Run model inference inside your functions: load a model once on cold start and serve predictions on every request. The Python 3.12 runtime (glibc) ships onnxruntime, onnx, and scikit-learn as attachable layers, so manylinux wheels work out of the box. Inference is CPU-only; no GPU is available.
Ship the model with your function
Put the model file next to your handler: drop it into the editor's file tree (binary assets are stored byte-exact), or include it in the folder you inquir deploy. At runtime the file lives in /var/task alongside your code. Attach the py-onnxruntime layer in the Layers panel.
import os, json import numpy as np import onnxruntime as ort # Created once per cold start, reused by warm containers — not per request. _MODEL = os.path.join(os.path.dirname(__file__), "model.onnx") _session = ort.InferenceSession(_MODEL, providers=["CPUExecutionProvider"]) _input = _session.get_inputs()[0].name def handler(event, context): raw = event.get("body") payload = json.loads(raw) if isinstance(raw, str) else (event or {}) features = np.array(payload["features"], dtype=np.float32).reshape(1, -1) outputs = _session.run(None, {_input: features}) return { "statusCode": 200, "body": json.dumps({"prediction": outputs[0].tolist()}), }
Create the inference session at module scope so that it loads once per cold start and is reused by warm containers (~5ms warm invokes) instead of loading on every request.
Memory, size & cold starts
- The model must fit in the function's memory limit—256MB by default, configurable up to 2GB in the function settings.
- The session loads on cold start; warm containers keep it in memory, so subsequent invokes skip the load.
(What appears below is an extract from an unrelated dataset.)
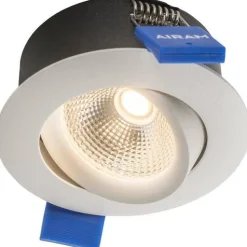 LED-alasvalo Airam Compact, Ø80x39mm, IP44, 5W/830, himmennettävä, suunnattava, valkoinen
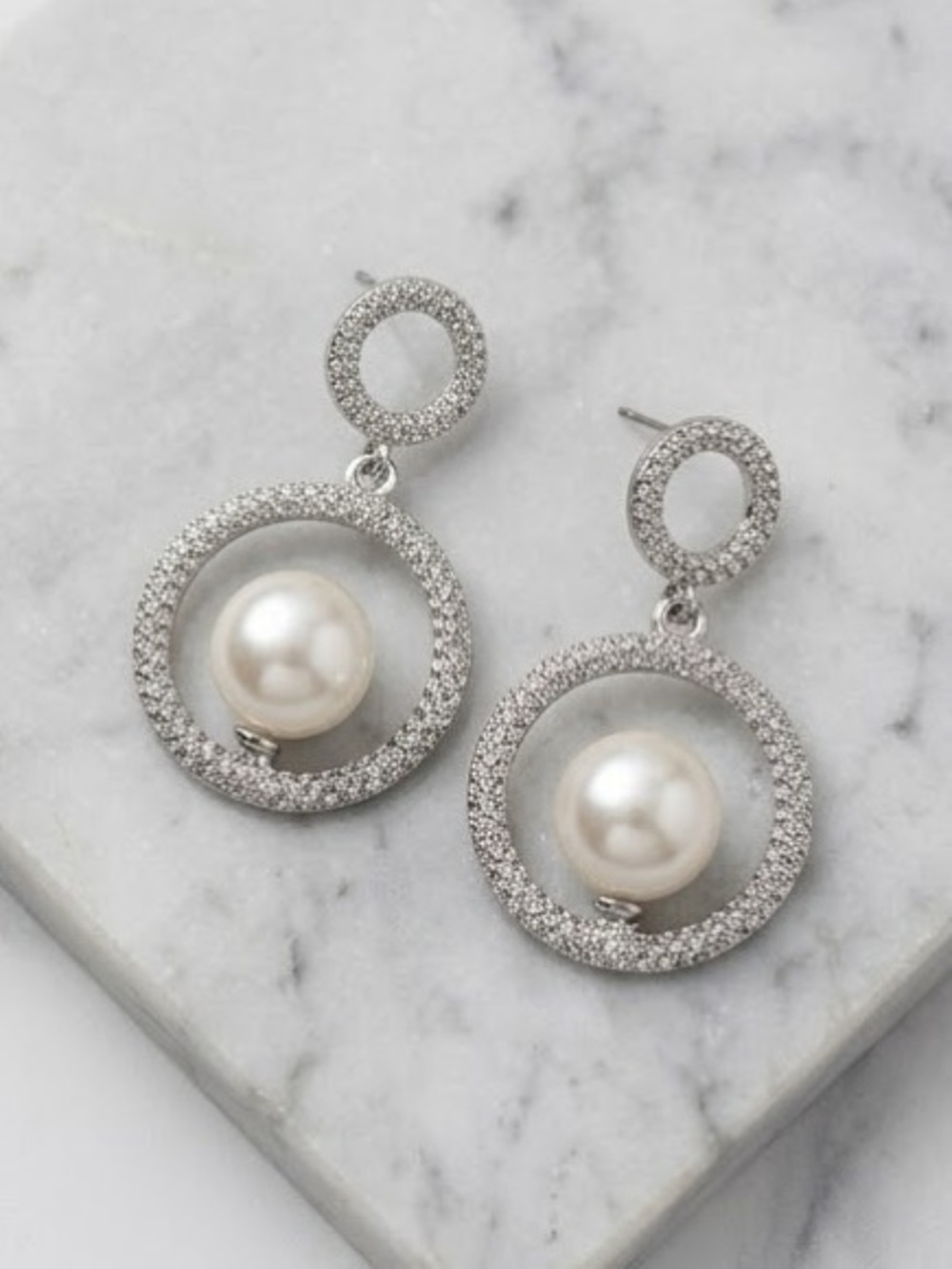 Silver-tone & Faux Pearl Circle Dangle Drop Statement Earrings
- Large models lengthen cold starts. Keep models small, or raise the memory limit and the timeout (5s by default, up to 15 minutes).
Other ML libraries
Beyond ONNX Runtime, attach py-scikit-learn for classic machine learning (load a fitted estimator and call predict) or py-onnx to build and inspect .onnx graphs. Any pure-Python or manylinux-wheel package can be added as a layer.